P.S. The definition of a mild concussion? One that occurs to someone other than you.

Reports have come back that Nick Nolte was on the date rape drug when he was arrested for drunk driving recently. In the article, it described Nolte’s mug shot as showing a “slightly disheveled Nick Nolte.” Nolte was slightly disheveled like Michael Jackson has an unusual nose. Slightly disheveled? Nolte was as fried as a bucket of the Colonel’s extra crispy.

As a result of using the date rape drug on himself, Nolte has also filed sexual harassment charges against himself. In addition, Nolte is being sued by director Tim Burton for the unauthorized imitation of his character Beetlejuice in Nolte’s mug shot.

Following the release of her scantily-clad, hip thrusting provocative and oily video “Dirrty”, pop star Christine Augilera appears naked with a guitar on the cover of Rolling Stone magazine. I think I speak for everyone when I say; OK, Christine, you’re a slut, we got it. Enough.

Former nine-year NFL player Esera Tuaolo disclosed in an HBO special that he is gay. Tuaolo was a defensive lineman. He tried being a quarterback, but every time he put his hands under the center to take the snap, he would change the play for ten minutes. Like I said, he tried being a quarterback, but after every time he put his hands under the center to take the snap, he would send the center roses and a thank you card.

The World Series is all tied up at two apiece between the Anaheim Angels and the San Francisco Giants. To give you an idea how tense things are, today they caught the Rally Monkey using his bananas to make daiquiris.

The U.S. is weighing different options to force North Korean nuclear disarmament.

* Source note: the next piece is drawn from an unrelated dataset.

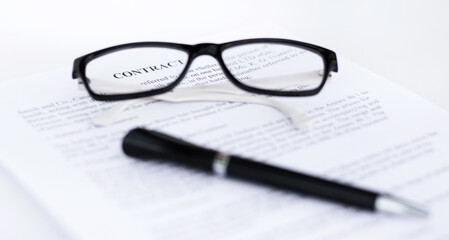 glasses and pen on a sheet of paper close-up. Contacts, business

Here is my idea: threaten Korea with an army of Dog Catchers; that would disrupt the entire country’s dinner plans.

Taco Bell had a big floating 15-foot disc in McCovey cove, the water outside of Pac Bell park, and if anyone hits it with a home run, the entire country gets a free Taco at a specific day and time. And in an equally impossible cheesy promotional stunt, Old Navy will give everyone in the country a free t-shirt if one guy can get a date while wearing their denim painter pants.

In their tough 35-27 loss to the New Orleans Saints, last week the San Francisco Giant’s Terrell Owens dropped two key passes in the last forty seconds. After Owen’s second drop, quarterback Jeff Garcia pulled a pen out of his sock and wrote on the ball: “Caution, Do Not Drop.”

Tuesday, October 22, 2002

Smack some stang in the thang, Torn Slatterns and Nugget Ranchers

Did you hear they think they have found the burial box of Jesus brother, James? That had to be rough being the brother of Jesus. Just imagine the Christmas letter alone:

“Our oldest son, Jesus, as you know, is our lord and savior. Our second son, James, still lives at home, and we are, fingers crossed, hopeful he will find a job soon.”

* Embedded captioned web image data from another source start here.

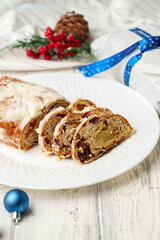 Christmas stollen on plate on white wooden table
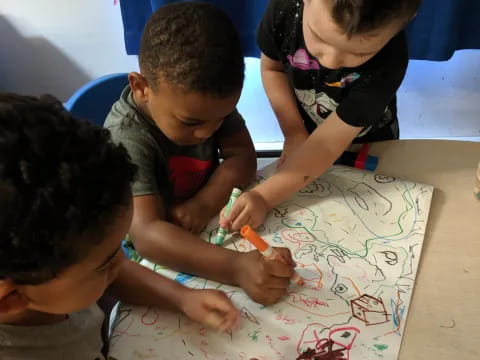 a group of children playing with a puzzle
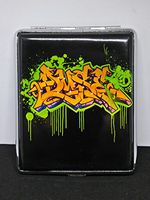 DyseOne Orange Graffiti Silver Framed PU Leather 100s Cigarette Case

I mean, that really had to be rough being the brother of Jesus:

“Jesus, could you run to the store and get some wine?”

“No problem, Mom, I’ll just turn the water into wine.”

“Oh, why thank you, Jesus. Did you hear that, honey, our son Jesus turned the water into wine. Umm, James, do you think you could you manage to set the table?”

Washington Redskins coach Steve Spurrier has switched quarterbacks again, this time going back to Shane Mathews after starting rookie Patrick Ramsey. Next week, Spurrier is going to try something new: whoever wins the Washington Redskin back-office employee-of-the-week gets to start at quarterback.

Congratulations and good luck to San Diego Torrey Pines High alum, Chad Hutchinson, who has been named the starting quarterback of the Dallas Cowboys. Chad switched to football after he spent four seasons with the St. Louis Cardinal’s organization where he once compiled an era of 27. Good move going back to football, Chad. There are pitching machines that have lower era’s than 27.

Let’s just say as a baseball pitcher, Chad was a tremendous quarterback, and we wish him the best.

Italian researchers have made a strain of pigs that carry human genes in their hearts, livers and kidneys. Don’t we already have that? It’s called Anna Nicole Smith.

Maybe it’s just me, but every time Barry Bonds steps to the plate, I feel like some huge machine should be shooting off electricity and a mad scientist should scream; “It’s alive.” You know why Bonds wears those turtleneck pullovers under his jersey? To hide the bolts in his neck.